– Ну?
– Но простите... Это же была просто шутка!
– Чего? Ты чего гонишь, какая, на хрен, шутка?!
– Это не я, это Виктор Павлович, – испуганно пролепетал очкарик. – Он сказал, что готовит первоапрельский розыгрыш для друзей, понимаете? Я лично ездил в хореографическое училище, отбирал девочек – чтобы были с фигурой, смазливенькие и двигались хорошо... Получилось неплохо, правда? Смотрите, как танцуют! Нашим так называемым звездам до них далеко. Одно слово – профессиональные танцовщицы! И оператор молодец... А свет какой, видите?
– А ну, постой, – сказал Кастет, слыша собственный голос словно откуда-то со стороны. – Погоди, я сказал! Как – танцовщицы? А поет кто?
Теперь сомневаться не приходилось: очкарик смотрел на него с жалостью, как на человека, который только что признался, что, дожив до сорока лет, все еще верит в Деда Мороза и накануне Нового года пишет ему письма.
– Это же фонограмма, – сказал он сочувственно. – К нам чуть ли не каждый день приходит множество фонограмм, среди них иногда попадаются очень приличные. После надлежащей обработки на нашем оборудовании... Ну, вы сами слышали, что получается. А девочки на сцене просто открывают рты, понимаете? А вы что же, поверили?
– Да, – сказал Кастет медленно, – я поверил. Очень удачная получилась шутка. Правдоподобная...
– Простите еще раз, – сказал очкарик. Теперь, когда недоразумение, с его точки зрения, благополучно разрешилось, он явно начал чувствовать себя увереннее. – Скажите, а вы действительно дали под эту... под этот проект деньги?

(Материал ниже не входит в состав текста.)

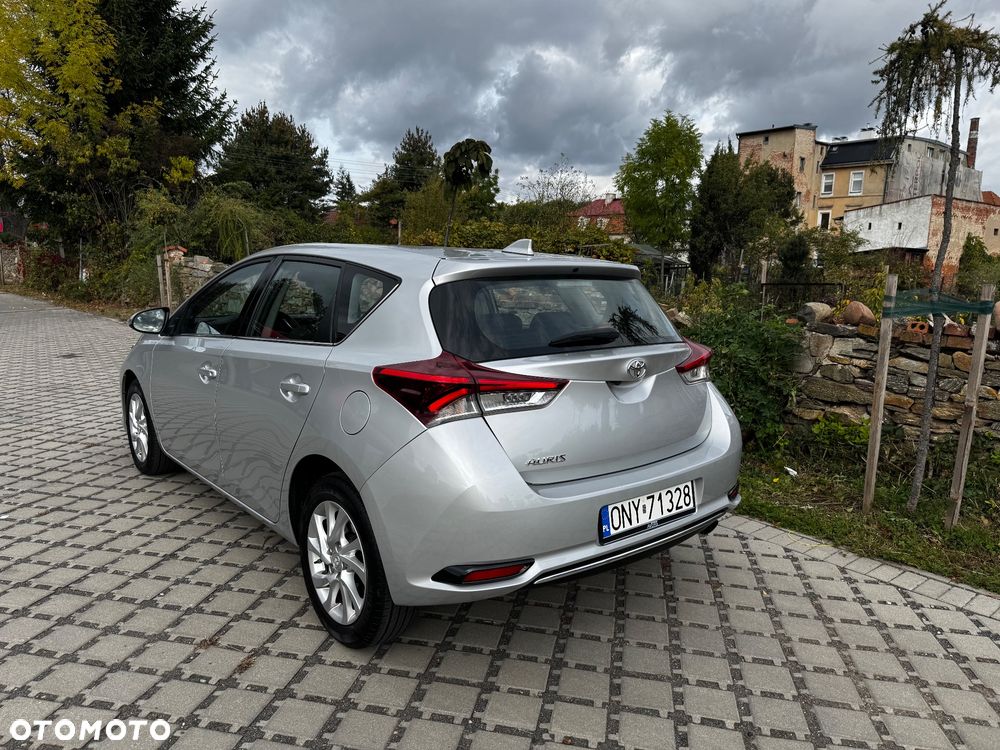 Toyota Auris 1.2 Turbo Comfort - 7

– Да, – думая о своем, сказал Кастет. – То есть не я, люди дали. Серьезные люди, перед которыми за деньги надо отчитаться. Ладно, собирайся, поехали.
– Куда? – опешил очкарик, неприятно удивленный тем, что ничего еще, оказывается, не кончилось.
– Знакомиться с серьезными людьми, – сказал ему Кастет. – Или ты думаешь, что я один буду за ваши шутки отдуваться? Ну, пошел!
Очкарик понурился и двинулся к дверям. На пороге Кастет обернулся. Огромный телевизор с плоским экраном все еще работал, полуголые студентки хореографического училища задорно вскидывали покрытые искусственным загаром стройные ляжки и открывали в такт музыке рты. Теперь, когда ему все доходчиво объяснили, Кастет видел, что в такт они попадают далеко не всегда. Впрочем, это могло ему только казаться; Кастет полагал, что теперь это уже не имеет значения.
Идти к Кексу было не с чем.
Во время утренней пробежки в парке Юрий думал о своем вчерашнем разговоре со Светловым. Разговор был неприятный, тяжелый, и утро выдалось под стать настроению – серое, туманное, с холодным моросящим дождиком, как будто на дворе стоял не конец мая, а начало октября. Откровенно говоря, проснувшись и увидев за окном эту серую муть, Юрий понял, что никакой зарядки ему сегодня не надо, а надо ему, наоборот, завалиться обратно в кровать и соснуть еще часика полтора-два, а если получится, то и все три. Нога у него ныла, реагируя на сырую погоду, и ныли многочисленные шрамы и отметины на теле, и голова тоже ныла и, казалось, была набита сырой ватой, такой же серой, как и это туманное, дождливое утро. До конца осознав, что делать сегодня какую-то дурацкую зарядку он просто-таки не в состоянии, Юрий устало закрыл глаза, сосчитал в уме до трех – не до десяти, как того хотелось организму, а именно до трех, потому что три меньше десяти на целых семь, – а потом открыл глаза, резко отбросил одеяло и вскочил раньше, чем успел об этом пожалеть. Через пять минут он уже бежал по мокрому асфальту, расплескивая подошвами мелкие серые лужи и направляясь к парку.